MARCO (aos criados) — Ide à triste mansão do velho Tito e arrastai para aqui o mouro incrédulo, para que condenado seja a um gênero de morte sanguinária e pavorosa como pena de sua vida infame.

(Saem os criados.)

(Lúcio, Marco e os demais descem da sacada.)

ROMANOS — Salve Lúcio, de Roma o real senhor!

LÚCIO — Romanos, obrigado. Só desejo vir a ter no governo o grato ensejo de dar remédio aos males da cidade, curando suas dores. Gentil povo, um momentinho, ainda, concedei-me que um pesado dever a natureza de mim agora exige. Ficai longe; mas vós, tio, aqui perto, para lágrimas sentidas derramarmos neste corpo. Na boca fria, agora, um beijo quente, (Beija o cadáver de Tito.) estas lágrimas tristes em teu rosto cheio de sangue, as últimas obséquias de teu amado filho.

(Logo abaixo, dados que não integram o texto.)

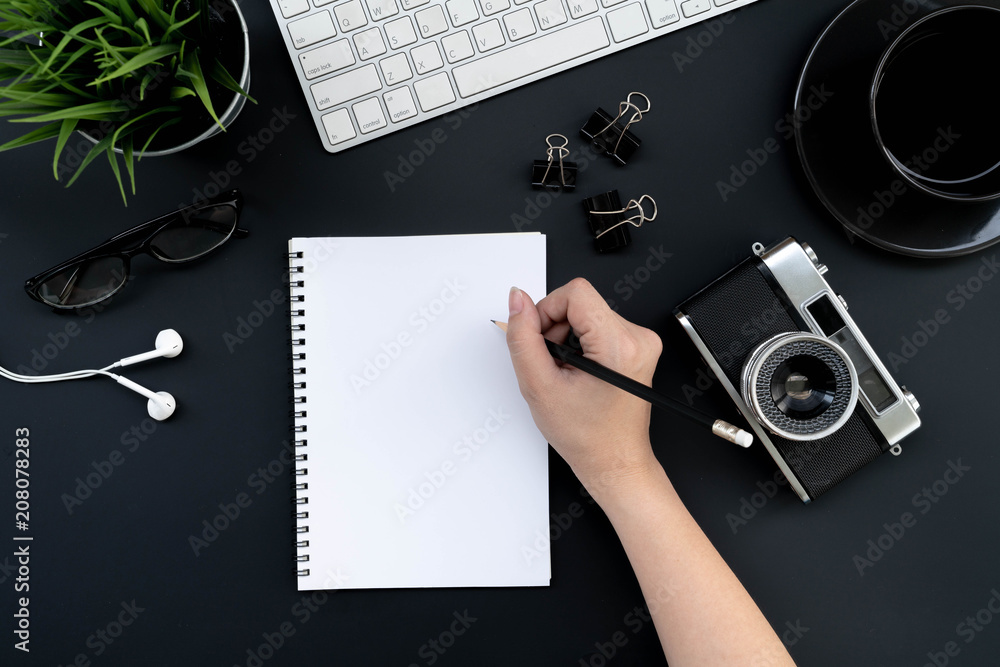 Poster flat lay of top view business woman lecture in notebook on modern black desk work table with compute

MARCO — A mesma coisa teu mano Marco faz nesses teus lábios: beijos por beijos, lágrimas por lágrimas. E se infinita fosse a soma deles, ilimitada, todos eu pagara.

LÚCIO — Vem para aqui, menino; vem e aprende conosco a derreter-te de tristeza. Teu avô te estimava grandemente. Quantas e quantas vezes sobre os joelhos não te punha a dançar, cantarolava para que adormecesses, ajeitando-te para dormir no próprio peito dele! Que de histórias bonitas não sabia, próprias para tua idade de alegria! Como filho amoroso, assim, lembrado de tudo isso, derrama algumas gotas de tua tenra fonte, que a bondosa natureza assim manda: com os amigos ficaremos, na dita e nos perigos. Dize-lhe adeus; entrega o corpo à terra; dize-lhe adeus e te despede dele.

MENINO — Avozinho, avozinho! Quem me dera ter morrido, contanto que vivesseis Oh Senhor! Impossível me é dizer-lhe qualquer palavra, que mo impede o pranto. Se abrir a boca, em lágrimas me afogo.

(Voltam os criados com Aarão.)

PRIMEIRO ROMANO — Ponde remate às dores, Andrônicos, e a sentença dizei do miserável que foi o causador destas desgraças.

LÚCIO — Enterrai-o até o peito, porque à fome venha a morrer. Que fique assim, raivoso, gritando por comida. E havendo, acaso, quem o socorra ou compaixão revele, venha a morrer por isso. Essa é a sentença. Cuide alguém de enterrá-lo como eu disse.

AARÃO — Oh! por que é muda a raiva e surda a cólera? Não sou criança medrosa, para às baixas orações recorrer e, muito menos, para me arrepender dos crimes feitos. Cometera outros, dez mil vezes piores, se possível me fosse realizá-los. Se em toda a vida fiz uma ação boa, no fundo da alma, agora me arrependo.

LÚCIO — Agora o imperador alguns amigos daqui removam, para sepultá-lo no túmulo de seus antepassados. Meu pai e minha irmã depositados vão ser na sepultura da família. Quanto a essa odiosa tigre, essa Tamora, não terá ritos fúnebres, nem prantos, nem dobre melancólico de sinos por ocasião do enterro. Não; jogai-a para pasto das feras e das aves. Vida animal teve ela, sem piedade; não teremos com ela, assim, piedade. Providenciai para que seja logo feita justiça nesse mouro infame, fonte e origem de nossos males todos. Apliquemos depois todo o cuidado no bem-estar do nosso grande Estado.